### [RECORDS SHOWN]
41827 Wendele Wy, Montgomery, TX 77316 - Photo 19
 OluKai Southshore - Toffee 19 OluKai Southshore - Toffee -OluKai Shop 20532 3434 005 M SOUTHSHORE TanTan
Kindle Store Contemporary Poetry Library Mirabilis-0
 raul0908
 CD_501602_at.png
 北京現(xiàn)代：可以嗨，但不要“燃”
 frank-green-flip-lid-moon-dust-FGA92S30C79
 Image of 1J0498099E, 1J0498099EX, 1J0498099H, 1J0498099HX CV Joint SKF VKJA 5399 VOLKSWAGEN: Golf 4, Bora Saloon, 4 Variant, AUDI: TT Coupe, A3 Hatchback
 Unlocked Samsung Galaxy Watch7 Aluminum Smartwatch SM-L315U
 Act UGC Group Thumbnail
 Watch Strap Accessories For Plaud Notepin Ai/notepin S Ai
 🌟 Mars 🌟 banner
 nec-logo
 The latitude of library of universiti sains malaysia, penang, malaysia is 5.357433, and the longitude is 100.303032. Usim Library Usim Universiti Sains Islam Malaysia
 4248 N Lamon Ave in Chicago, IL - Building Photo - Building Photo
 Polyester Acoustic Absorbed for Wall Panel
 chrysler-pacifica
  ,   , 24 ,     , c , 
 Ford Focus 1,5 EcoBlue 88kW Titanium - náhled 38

### [YOUR TASK]
Each line from the beginning of the entries to the line with "frank-green-flip-lid-moon-dust-FGA92S30C79" must be repeated exactly, with both end lines kept and no other lines given.

### [ANSWER FOR THIS EXERCISE]
41827 Wendele Wy, Montgomery, TX 77316 - Photo 19
 OluKai Southshore - Toffee 19 OluKai Southshore - Toffee -OluKai Shop 20532 3434 005 M SOUTHSHORE TanTan
Kindle Store Contemporary Poetry Library Mirabilis-0
 raul0908
 CD_501602_at.png
 北京現(xiàn)代：可以嗨，但不要“燃”
 frank-green-flip-lid-moon-dust-FGA92S30C79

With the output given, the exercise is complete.